Very interesting article in today's Wall Street Journal (available here, at freepress) regarding the growth of viral media. WSJ focuses on a two-man company based in Bernalillo, NM. The company has seen explosive growth since being founded just last year.
I spent portions of my childhood in Bernalillo. For example, I stuck a large screw up my nose, when my parents lived near my grandmother's house in Bernalillo, adjacent to the train tracks, when I was three years old. My mom and my grandmother had to wrestle with both pliers and me, in order to fish the screw out. Ah, the good old days!
WSJ refers to Bernalillo as a 'suburb' of Albuquerque, which made me laugh. I suppose these days it's true enough - it's only ten miles from the Albuquerque city limits - but, in fact, Bernalillo is the third-oldest European-founded town in the United States (only St.

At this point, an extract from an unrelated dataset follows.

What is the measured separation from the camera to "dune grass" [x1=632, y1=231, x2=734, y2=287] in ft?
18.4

Augustine, FL, and Santa Fe, NM, are older). You'd never know that, however, because much has been erased, with the outer edges of town swept aside by mobile home tracts. Bernalillo may be a 'suburb', but it ain't New Rochelle....
But Bernalillo is nevertheless on the frontier of guerilla media. Maybe Bernalillo's permanent place in history is yet to be written:
From a small outbuilding alongside the train tracks in this Albuquerque suburb, two men in their twenties are peddling something that has become a big threat to big media companies.
The men, Sam Martinez and Billy Duran, use two low-end desktop computers to run a Web site that offers a remarkably broad menu of television shows and movies free of charge. They provide online access to 17 episodes of NBC’s “Heroes” TV series, 49 installments of ABC’s “Desperate Housewives,” more than 70 feature films and hundreds of other videos. Within four days of Walt Disney’s theatrical release of “Meet the Robinsons,” the men had the movie available for viewing through their site, YouTVpc.com.
As media companies fight to keep control over distribution of their shows, they have focused their guns on big sites like the YouTube unit of Google Inc. But little sites like this one in New Mexico collectively represent an equally thorny challenge. They are like guerrilla squadrons that are constantly shifting tactics to defy big media and keep offering consumers free programs.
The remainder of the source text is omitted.